(EXERCISE): For the data below, transcribe the part that opens with the line containing "Portable Powerstation" and closes with the line containing "플래티넘 센츄리 한정 후지 운케이 키노구모 f촉--1", exactly and with no pictures.

(WORKING DATA):
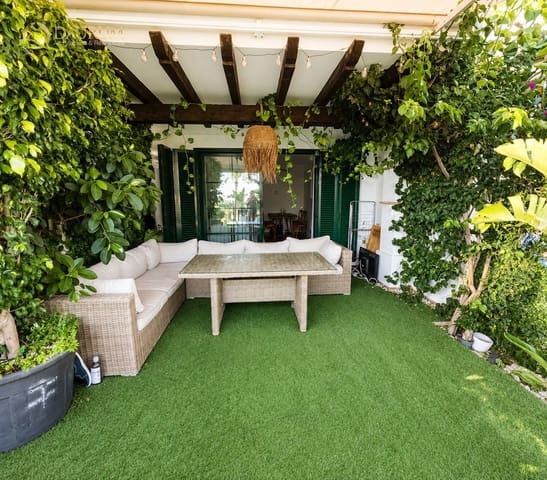 2 soveværelse Byhus til salg i Golf Bahía, Finestrat med swimmingpool garage - € 320.000 (Ref: 9999312)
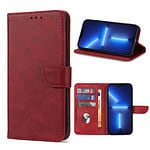 Solidenz bookcase iPhone 13 Pro - Rood Main Image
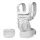 Ergobaby Omni 360 Cool Air Mesh Hordozó: - Pearl Grey / Gyöngy szürke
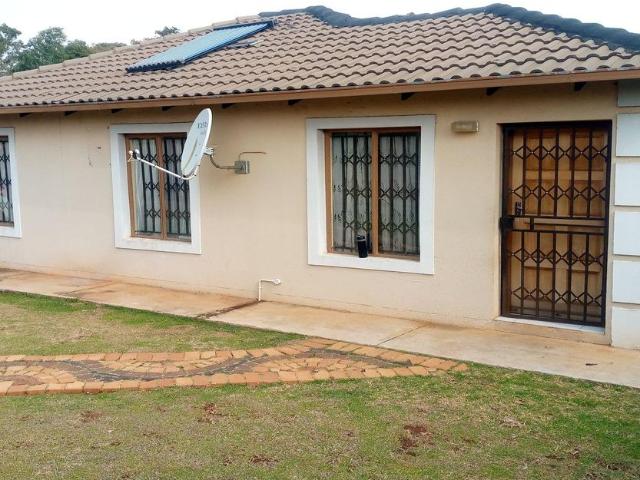 3 Bedroom house to rent in Pollak Park, Springs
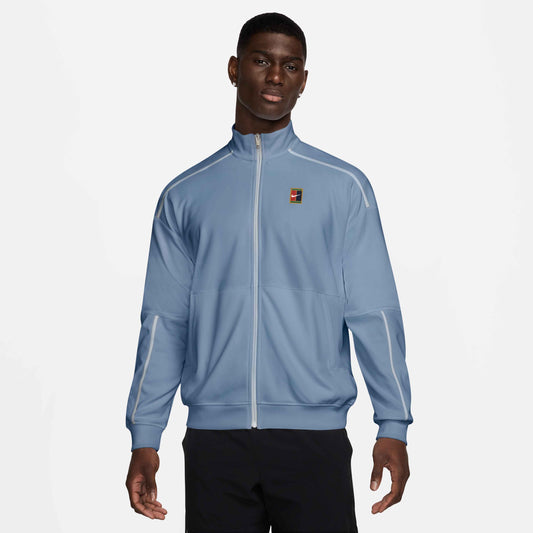 Nike Court Dri-Fit Heritage Suit Jacket Men’s (Blue)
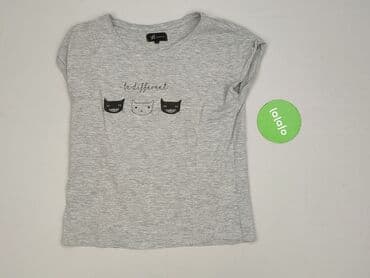 reserved koszulka w koty: Reserved YFL, T-shirt damski, rozmiar S — 2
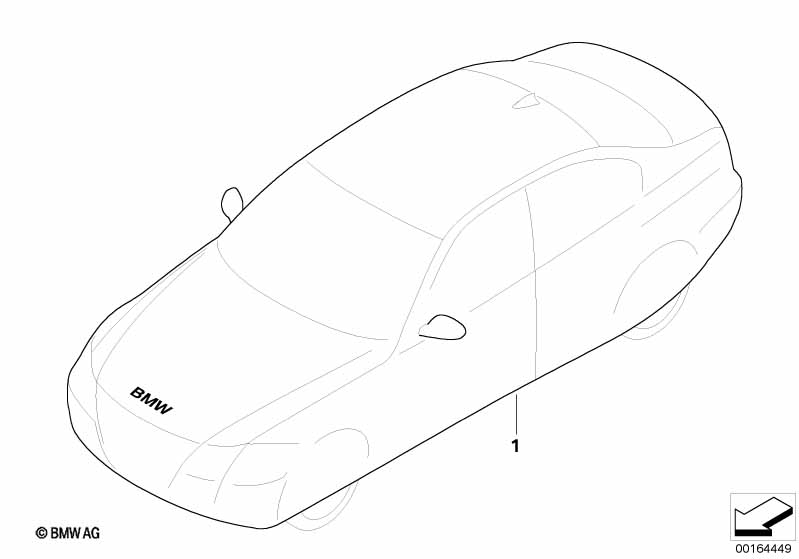 Form Fit Indoor Car Cover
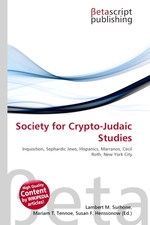 Society for Crypto-Judaic Studies
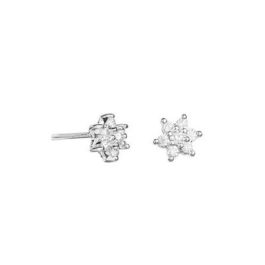 Star Diamonds Earring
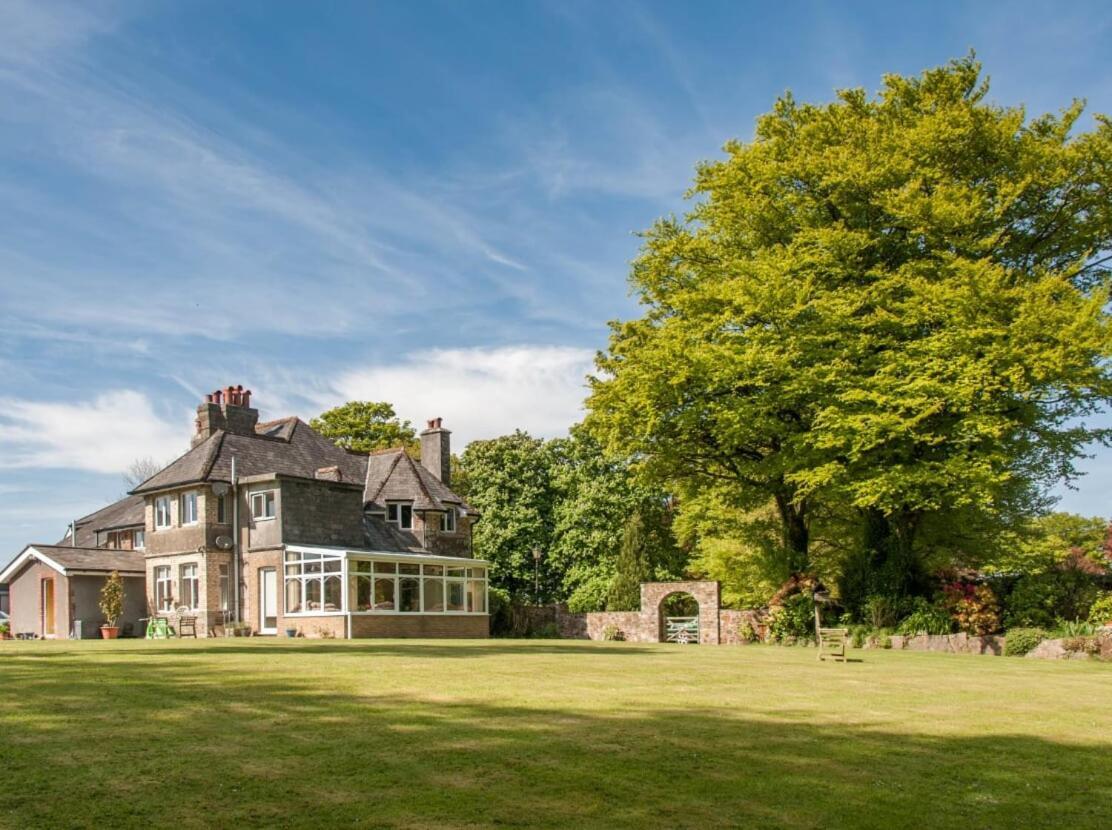 오크햄프턴 Knole Farm B&B 외부 사진
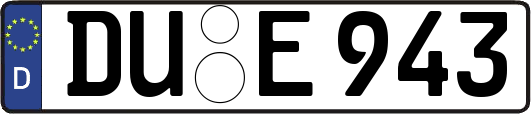 DU-E943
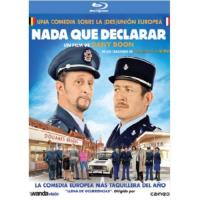 Nada que declarar - Blu-Ray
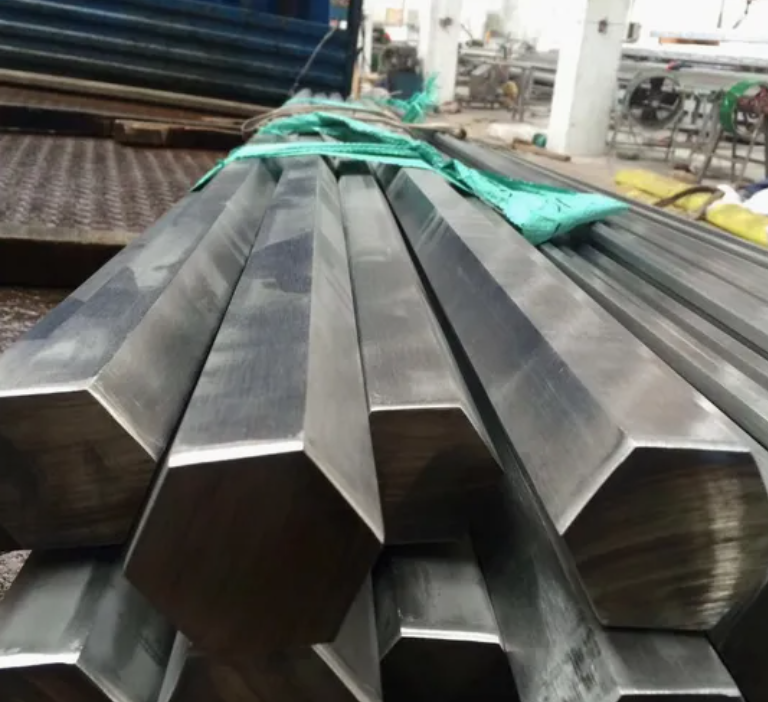ASTM A564 17-4PH / 630 Cold Rolled Hexagon Stainless Steel Bar 304 304L Metal Rod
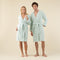 Lumina Unisex Bathrobe LAGOON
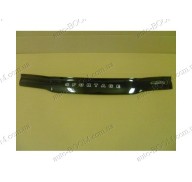 Дефлектор капота Kia Sportage 93-04 (Vip Tuning)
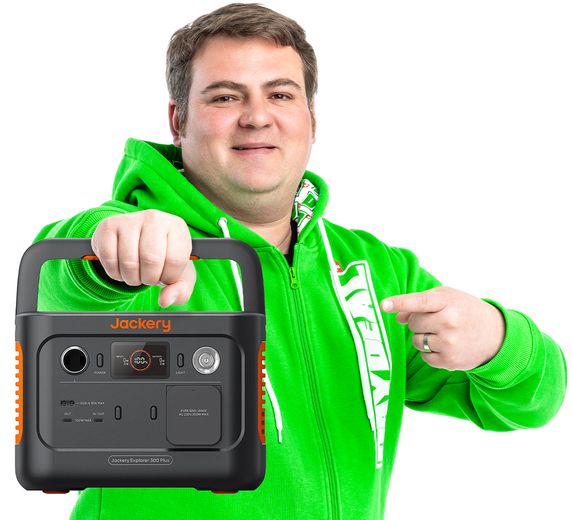 Portable Powerstation
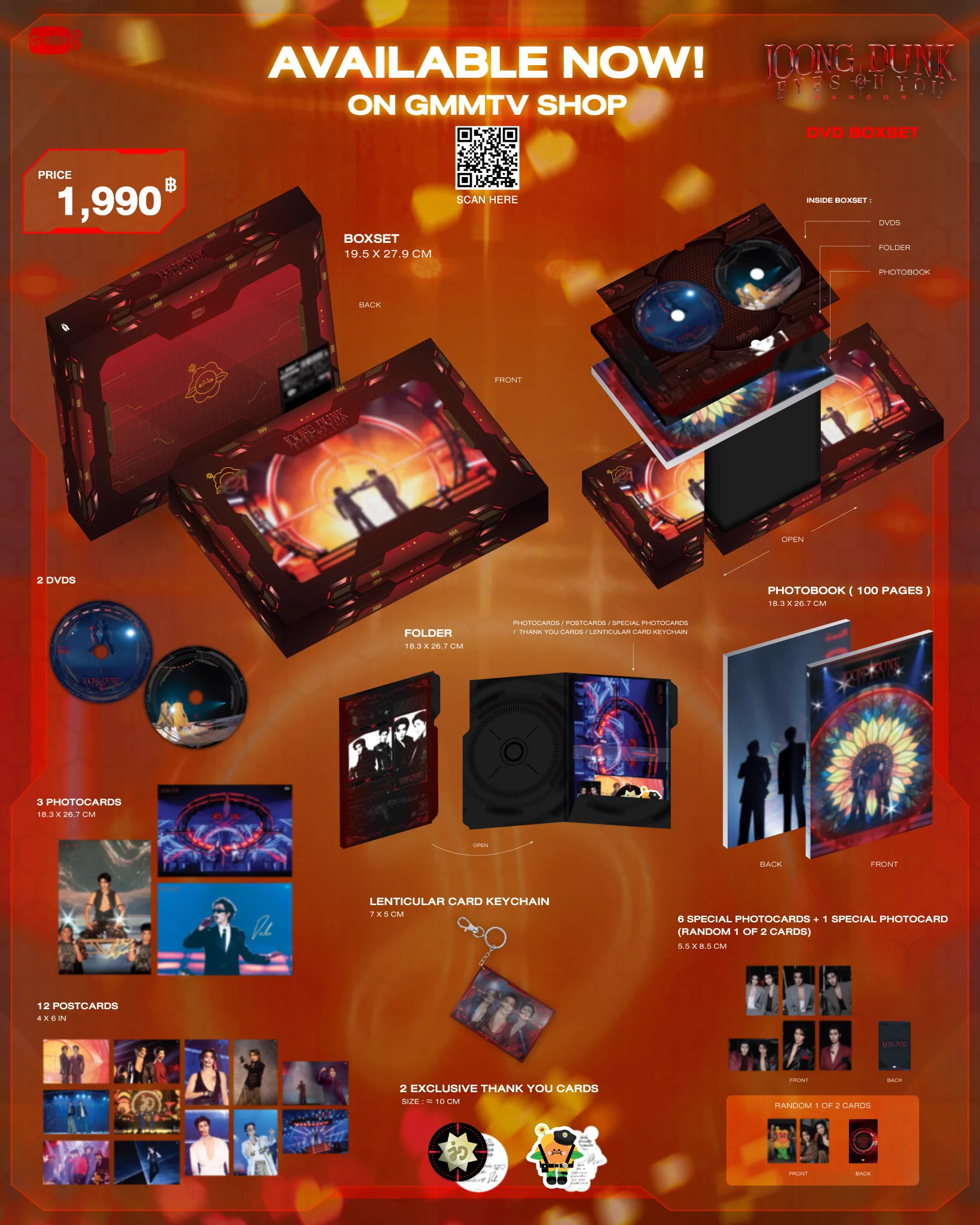 GMMTV SHOP on X: 
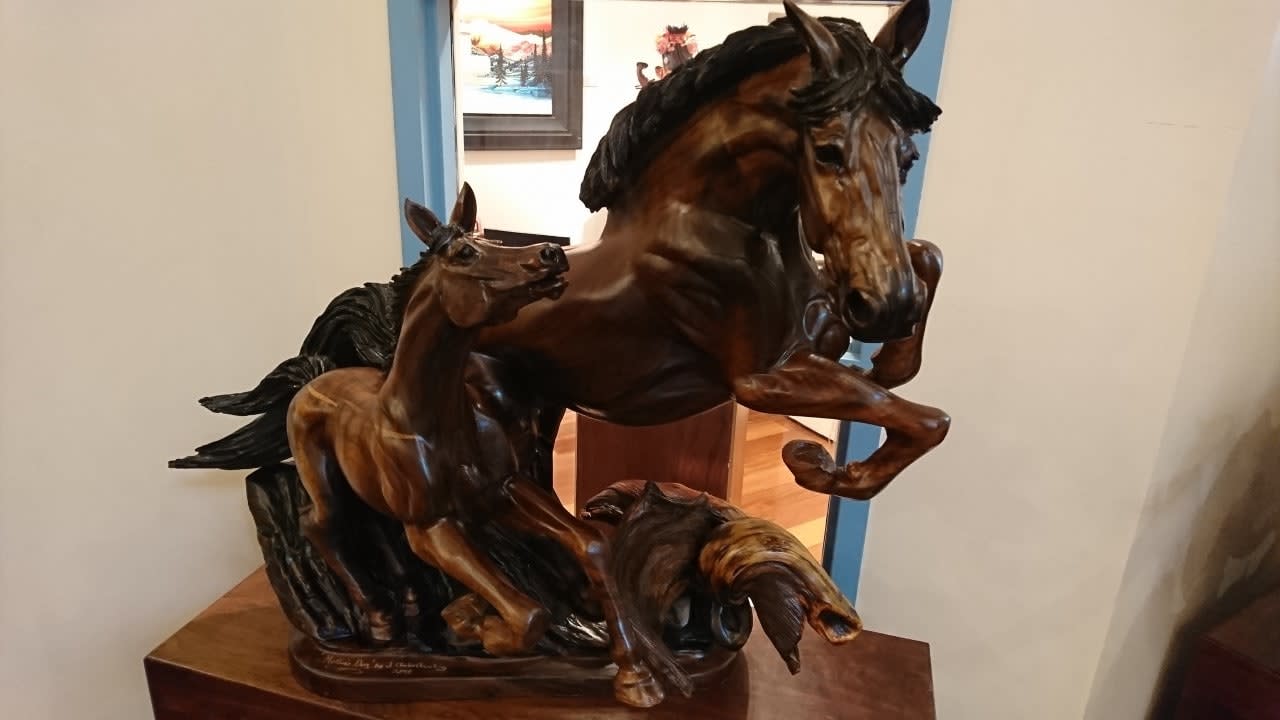 J. Chester Armstrong, Mother's Day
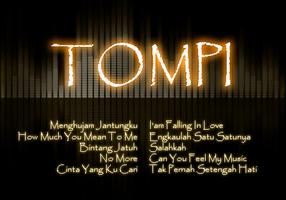 Tompi Full Album capture d'écran 3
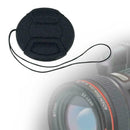 62mm67mm Lens Cap Cover For Canons Nikon Pentax Use Sigma Tamron DSLR N3D4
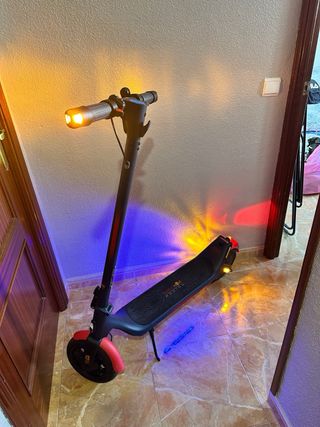 Patinete Eléctrico Red Bull Racing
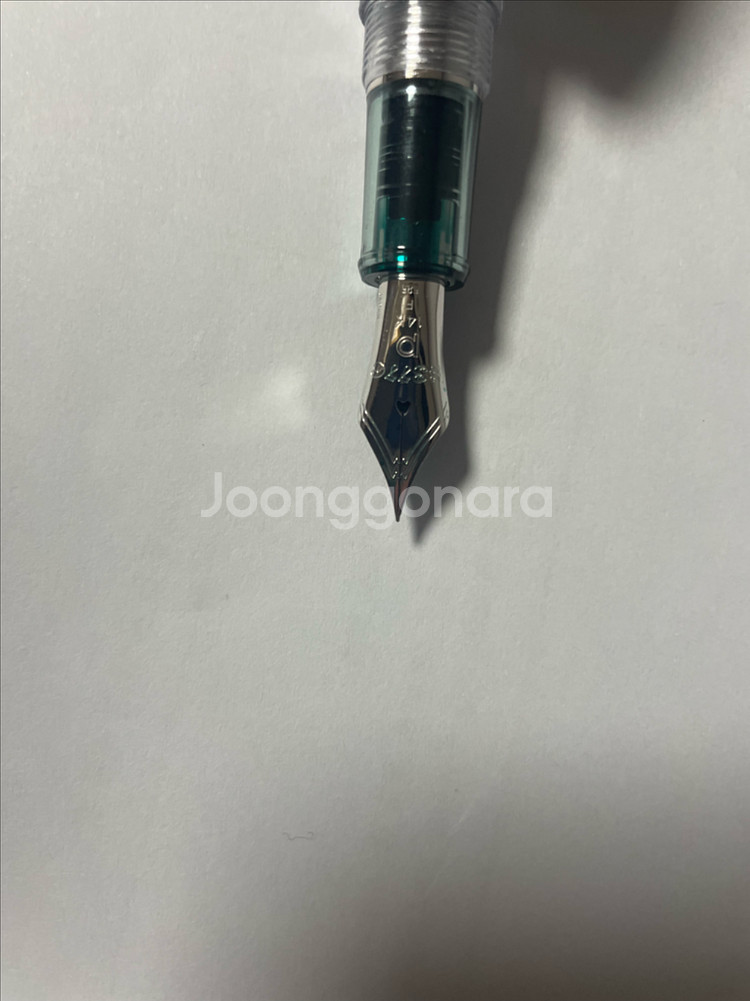 플래티넘 센츄리 한정 후지 운케이 키노구모 f촉--1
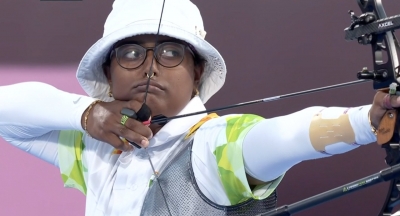 Asian Archery C’ships: Deepika, Dhiraj spearhead India’s charge into recurve semis | Asian Archery C’ships: Deepika, Dhiraj spearhead India’s charge into recurve semis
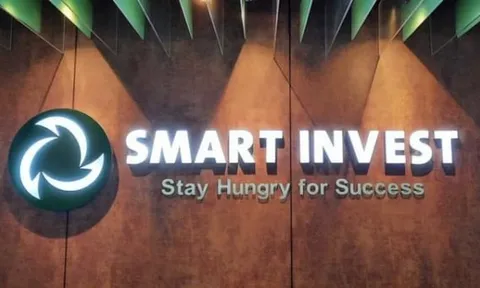 Chứng khoán Smart Invest bị phạt và truy thu thuế 438 triệu đồng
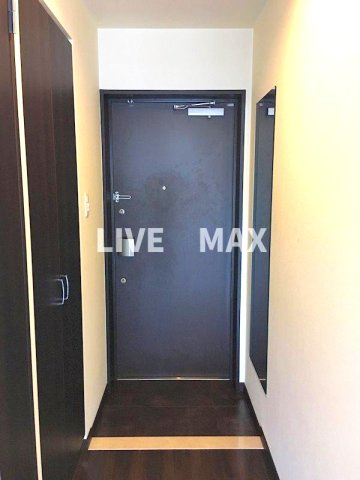 【玄関】レオングラン新大阪レジデンス 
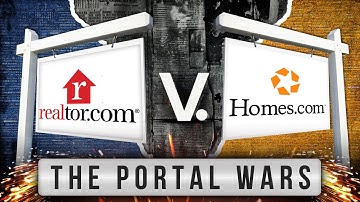 The Portal Wars: Realtor.com. vs. Homes.com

(PROBLEM SOLUTION):
 Portable Powerstation
 GMMTV SHOP on X: 
 J. Chester Armstrong, Mother's Day
 Tompi Full Album capture d'écran 3
 62mm67mm Lens Cap Cover For Canons Nikon Pentax Use Sigma Tamron DSLR N3D4
 Patinete Eléctrico Red Bull Racing
 플래티넘 센츄리 한정 후지 운케이 키노구모 f촉--1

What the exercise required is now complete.